> _Dataset excerpt_
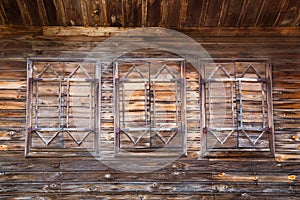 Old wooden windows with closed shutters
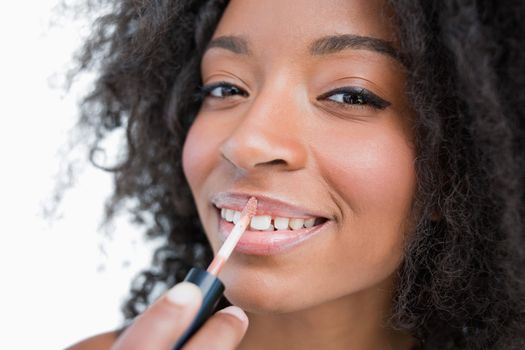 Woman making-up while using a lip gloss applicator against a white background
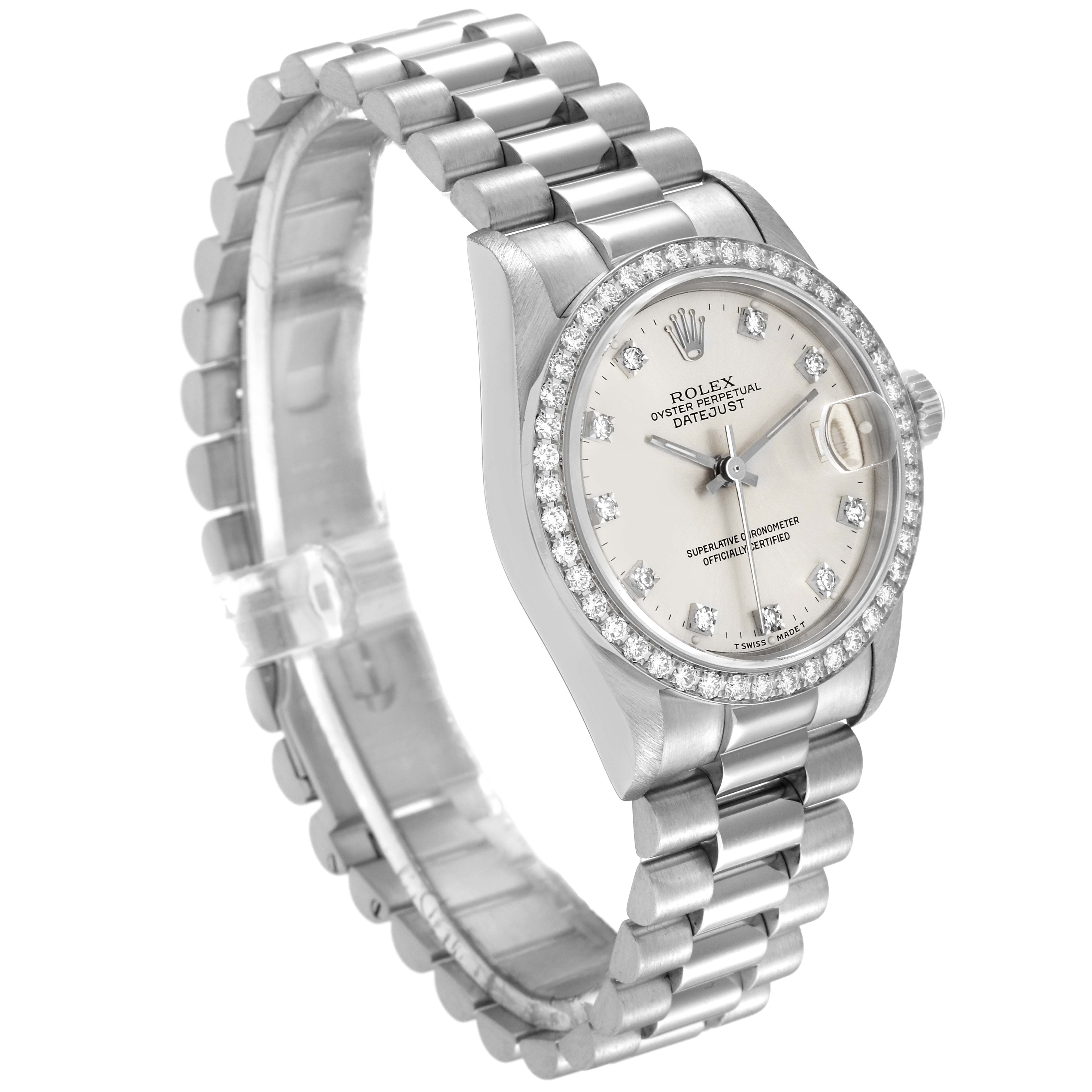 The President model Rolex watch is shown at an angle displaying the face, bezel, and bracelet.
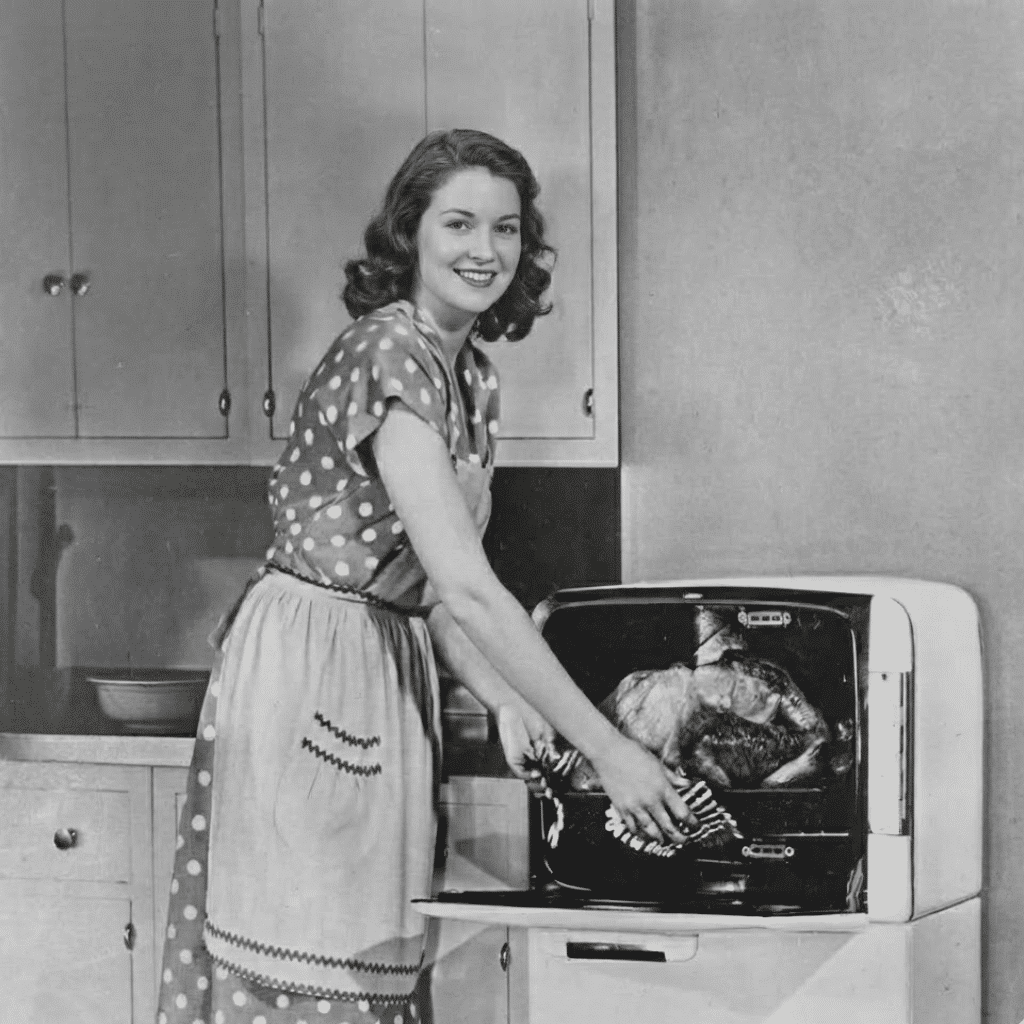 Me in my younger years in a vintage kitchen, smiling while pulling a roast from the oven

> _Prompt_
Would you write out all of the data exactly as it stands, without the pictures?

> _Response below_
 Old wooden windows with closed shutters
 Woman making-up while using a lip gloss applicator against a white background
 The President model Rolex watch is shown at an angle displaying the face, bezel, and bracelet.
 Me in my younger years in a vintage kitchen, smiling while pulling a roast from the oven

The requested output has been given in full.